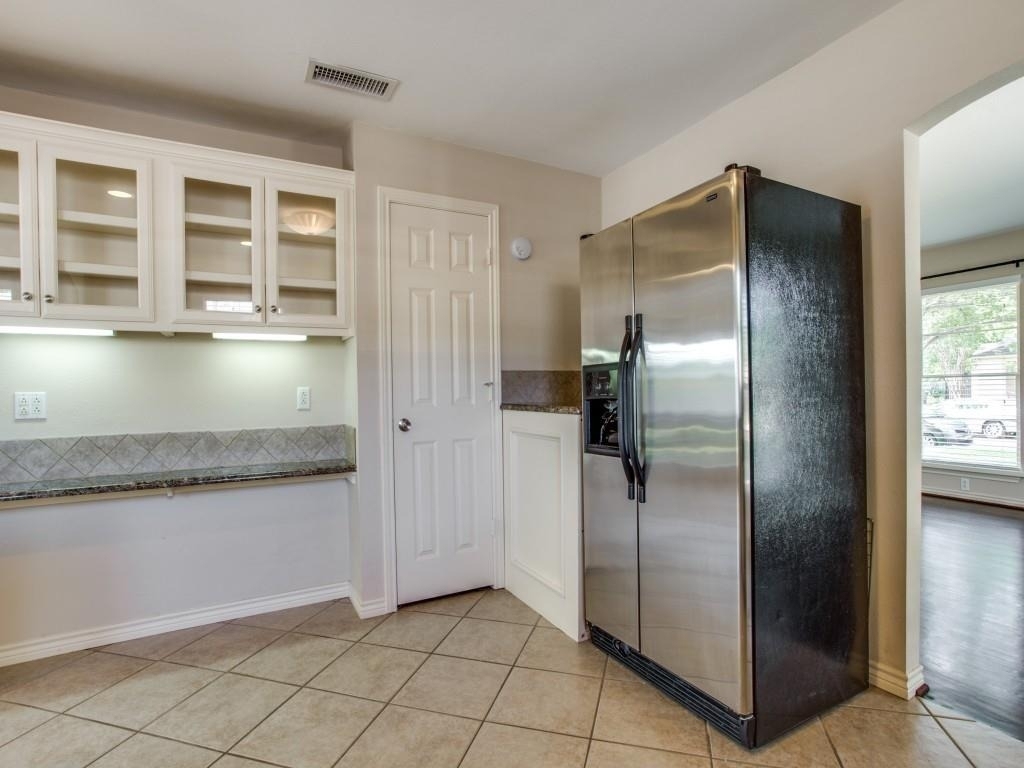 4918 Thrush Street - Photo 7
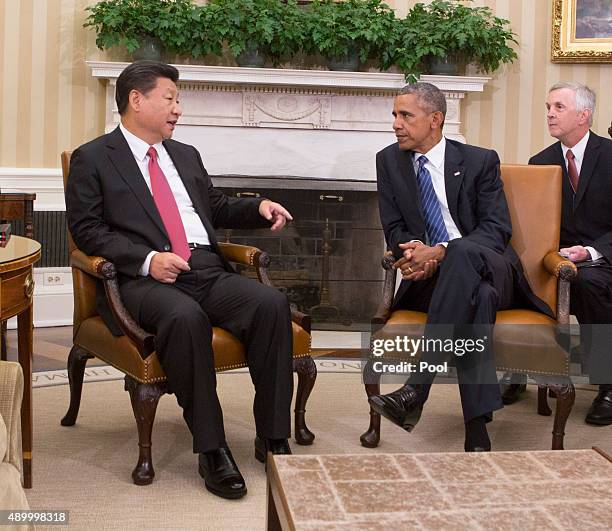 China's President XI Jinping and US President Barack Obama hold a meeting during an official State Visit at the White House September 25, 2015 in...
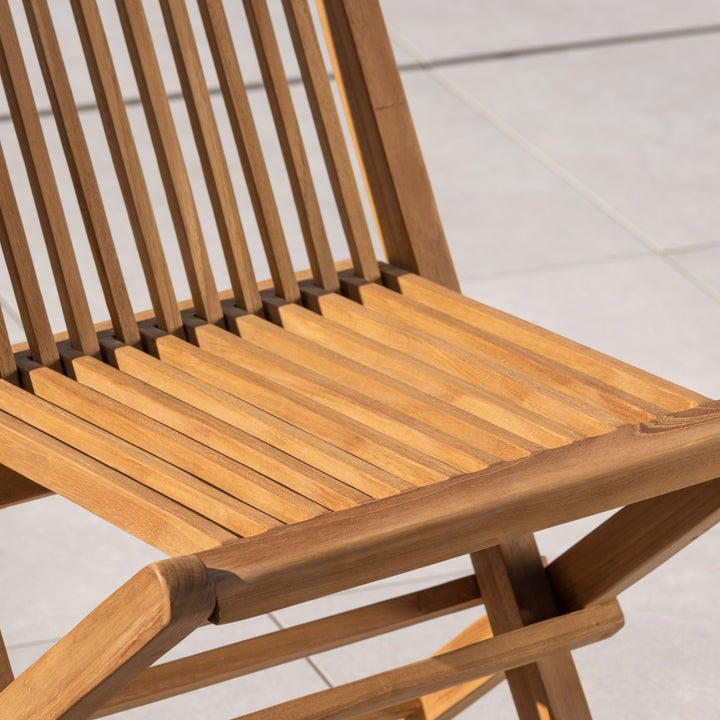 Venture Design Kenya klappstol i teak, nærbilde av lamellsete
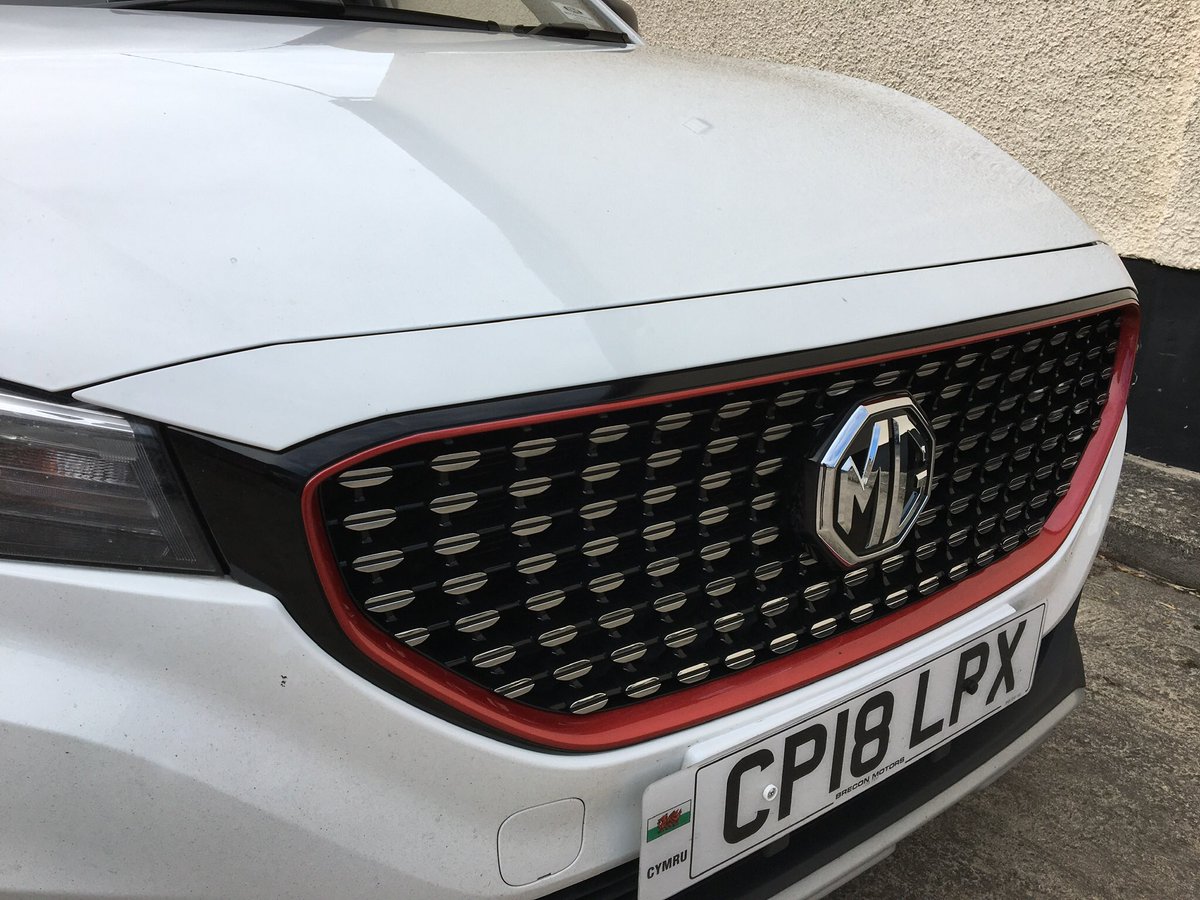 BreconMotors's tweet photo. This Red Sports Grille looks great on the MGZS Exclusive! 👌🏻 https://t.co/xfbuh3E9qL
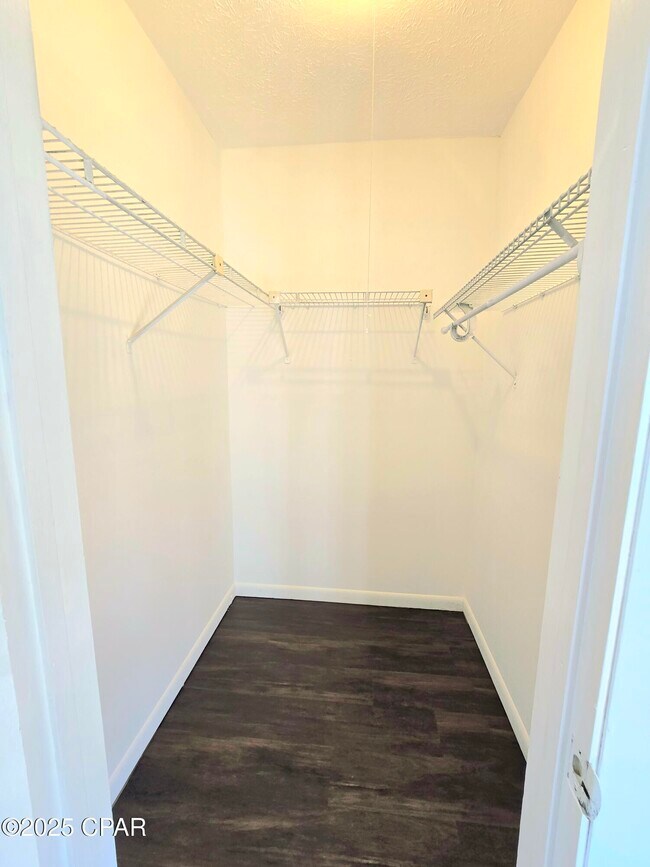 Building Photo - 636 W Caladium Cir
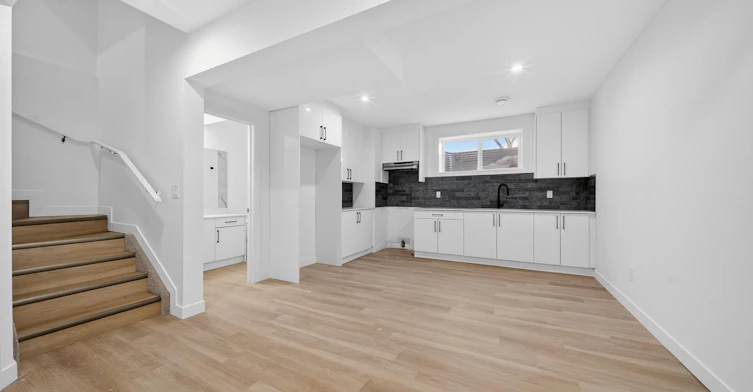 8600 121 Avenue Northwest, Edmonton, AB, T5B 0Z3 - 2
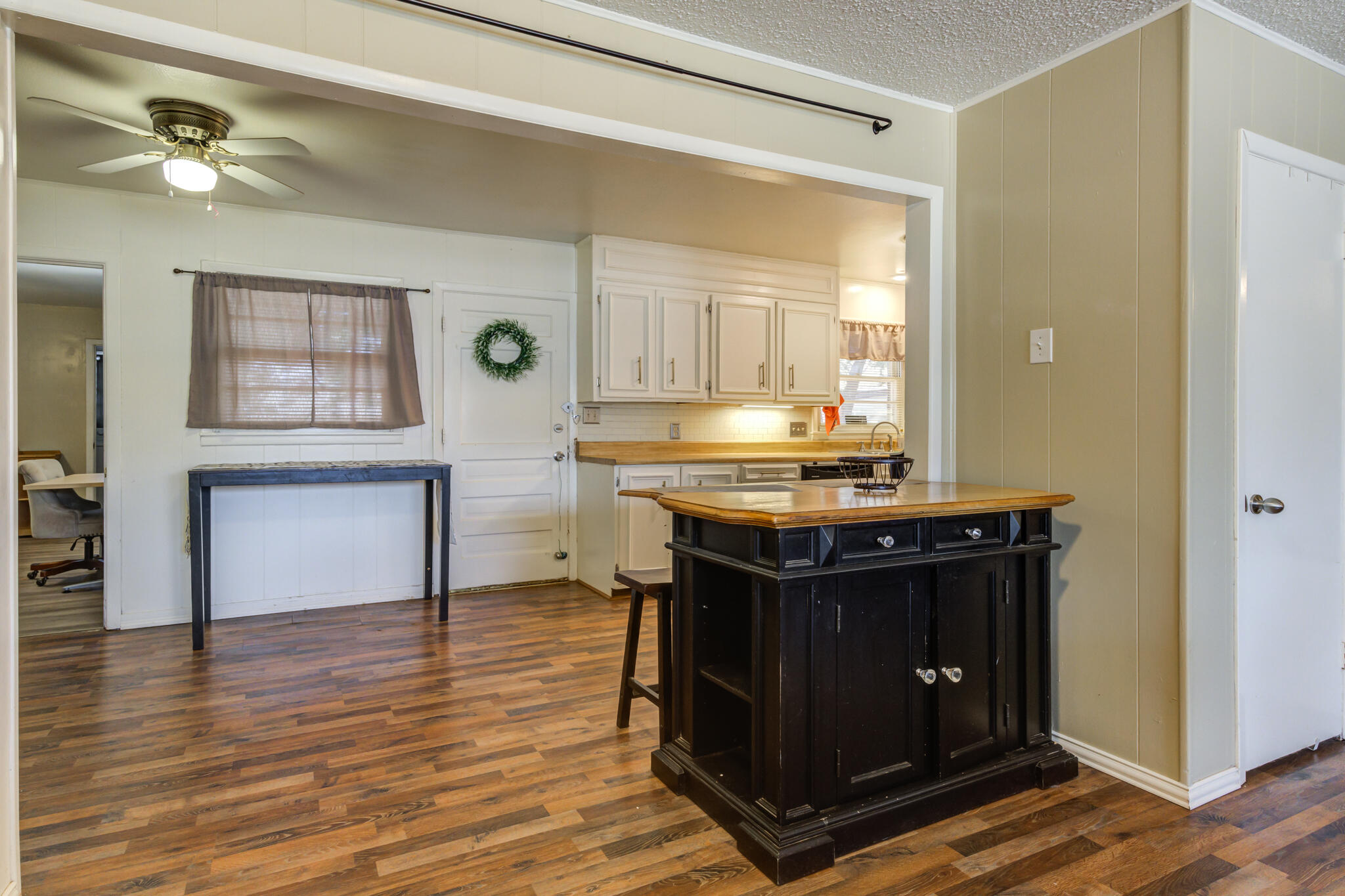 2812 62nd Street Lubbock, TX 79413 - Photo 21 of 45 DSC05338_39_40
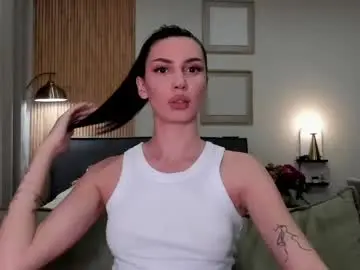 Bellarowen  live sex cam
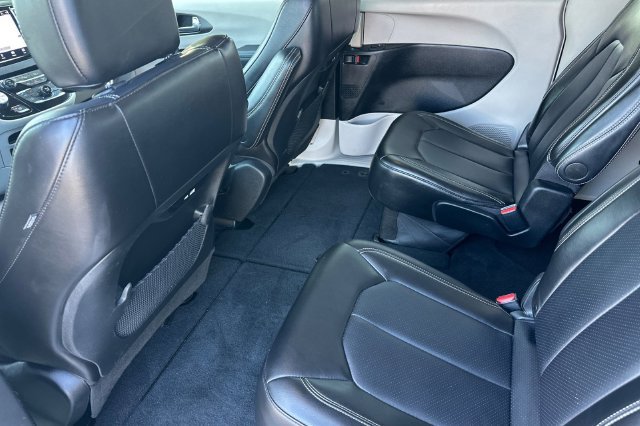 Used 2024 Chrysler Pacifica Touring-L FWD image 14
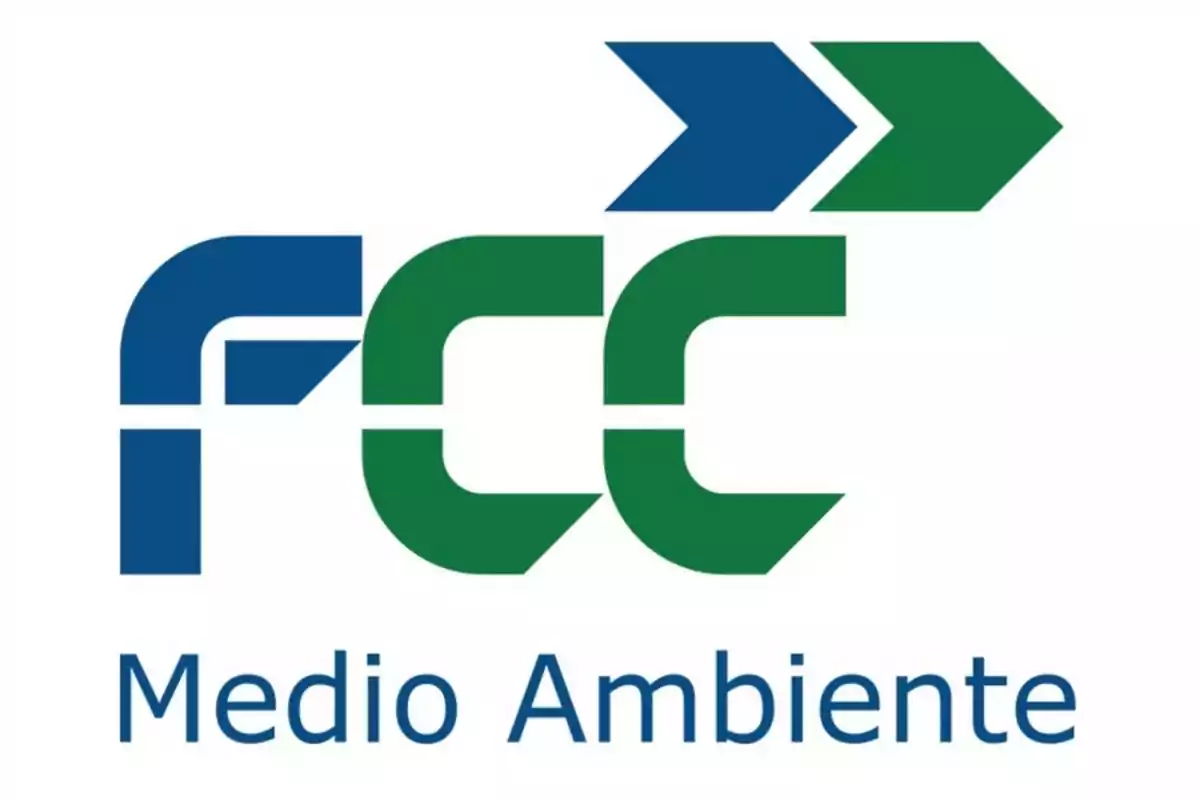 Logotipo de FCC Medio Ambiente con flechas azules y verdes.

+--

● **ACTION ITEM**
An acceptable answer consists of the lines above from the one holding "Building Photo - 636 W Caladium Cir" to the end of the data, repeated exactly and containing no pictures.

● **EXPECTED ANSWER**
 Building Photo - 636 W Caladium Cir
 8600 121 Avenue Northwest, Edmonton, AB, T5B 0Z3 - 2
 2812 62nd Street Lubbock, TX 79413 - Photo 21 of 45 DSC05338_39_40
 Bellarowen  live sex cam
 Used 2024 Chrysler Pacifica Touring-L FWD image 14
 Logotipo de FCC Medio Ambiente con flechas azules y verdes.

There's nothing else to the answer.